In relation to the first question, I consider that, having regard to the background circumstances that I have described and the irregularities found in the operation of the plaintiff, there were invalidities in the management or administration of the plaintiff between January 2013 to date. Further, I consider that a declaration should be made in terms reflecting that conclusion.
As to the second question, the discretion residing in the Court in the event that such a declaration is made is broad, albeit restrained in two important respects. First, the discretion must be exercised having regard to the objects of the Act and with a view to enabling an organisation to function and operate effectively and legally. Secondly, the discretion is specifically restrained by the requirements of s 288(5) such that the Court may not make an order unless satisfied that such an order would not do a substantial injustice to the organisation, any member or creditor of the organisation or any other person having dealings with the organisation.
I consider that there are a number of factors which warrant the making of the consequential orders sought in the present matter having regard to the proper exercise of the Court's discretion which are as follows:
1. The application arises out of an initiative ultimately taken by the plaintiff to rectify its affairs once those circumstances were brought to its attention by the Industrial Registrar and during the course of proceedings before the Industrial Court of New South Wales.
2. The irregularities arose from genuine mistakes and a misunderstanding of the applicable law. In short, I consider their actions were bona fide and largely in consequence of the complicated system of an industrial registration of organisations existing within our nation between Federal and State systems.
3. I consider that no harm has been done either to the members of the organisation or otherwise in consequence of those mistakes. The lacuna in the administration and management of the plaintiff did not have practical effect on the members of the plaintiff because of the role played by the Federal Union.
4. I do not consider that any substantial injustice would occur by the making of the orders. Indeed, the making of the orders would regularise the affairs of the organisation having regard to its Federal registration. That Federal registration was necessary in order for the organisation to adequately look after the affairs of its members.
In those circumstances then I consider that it is appropriate to make consequential orders pursuant to s 288 of the Act. I will return to that matter momentarily after the consideration of the second aspect of the application relating to the cancellation of the registration of the plaintiff. In that respect I make the following findings. First, I will treat the application was regularly made by the plaintiff in the light of the declaration and orders I will make. Secondly, I consider that the application has established grounds for cancellation as recognised in the Act, and in particular s 226 thereof.

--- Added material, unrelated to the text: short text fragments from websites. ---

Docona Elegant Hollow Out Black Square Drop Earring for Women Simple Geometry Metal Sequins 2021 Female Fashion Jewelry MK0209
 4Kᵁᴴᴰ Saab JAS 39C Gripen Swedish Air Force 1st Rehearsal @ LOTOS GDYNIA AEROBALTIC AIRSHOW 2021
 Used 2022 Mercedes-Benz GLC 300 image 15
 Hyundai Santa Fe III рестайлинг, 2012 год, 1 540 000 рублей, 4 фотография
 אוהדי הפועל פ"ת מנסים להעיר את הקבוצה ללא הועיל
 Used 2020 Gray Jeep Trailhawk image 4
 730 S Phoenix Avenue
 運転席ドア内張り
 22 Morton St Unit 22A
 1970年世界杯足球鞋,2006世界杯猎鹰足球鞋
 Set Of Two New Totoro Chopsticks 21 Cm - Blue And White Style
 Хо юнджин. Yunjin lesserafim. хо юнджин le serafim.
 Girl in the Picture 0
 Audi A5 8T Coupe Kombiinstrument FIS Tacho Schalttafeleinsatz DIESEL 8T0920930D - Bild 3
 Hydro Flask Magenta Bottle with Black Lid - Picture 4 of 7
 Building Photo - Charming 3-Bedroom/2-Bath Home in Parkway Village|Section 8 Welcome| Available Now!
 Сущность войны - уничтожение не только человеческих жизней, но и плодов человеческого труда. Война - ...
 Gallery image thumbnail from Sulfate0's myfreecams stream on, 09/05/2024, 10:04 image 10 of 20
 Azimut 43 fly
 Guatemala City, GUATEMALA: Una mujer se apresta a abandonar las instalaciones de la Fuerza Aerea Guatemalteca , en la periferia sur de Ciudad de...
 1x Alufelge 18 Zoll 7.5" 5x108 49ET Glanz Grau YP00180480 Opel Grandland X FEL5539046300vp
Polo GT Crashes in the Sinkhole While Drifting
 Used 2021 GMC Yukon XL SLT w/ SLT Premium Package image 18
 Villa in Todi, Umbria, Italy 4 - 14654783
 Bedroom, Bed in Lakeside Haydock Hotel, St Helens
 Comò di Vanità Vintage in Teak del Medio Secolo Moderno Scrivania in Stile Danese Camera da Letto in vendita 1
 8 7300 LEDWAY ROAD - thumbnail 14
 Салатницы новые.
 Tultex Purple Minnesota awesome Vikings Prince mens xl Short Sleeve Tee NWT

Two grounds for cancellation were relied upon. Firstly, that an organisation has itself applied for its own registration. That basis or ground may not be gainsaid. Secondly, the organisation relied upon the ground that the organisation is defunct. There is a neat discussion as to the meaning of that expression within the written submissions of the applicant. I do not propose to delve into the niceties of that analysis save to identify that, by the creation of the Federal organisation, the State counterpart became effectively defunct for all relevant purposes.
It follows that, in my view, the plaintiff has made out a case for the cancellation of its registration upon both grounds relied upon and orders should be made in terms accordingly.
I then return to the orders sought in the matter which are contained in Schedule A of Exhibit B in the proceedings.
The Court makes forthwith the following declarations and orders under s 288(3) of the Act:
1. The Court makes the declaration proposed in the amended form of para 1 of Schedule A of Exhibit B in the proceedings.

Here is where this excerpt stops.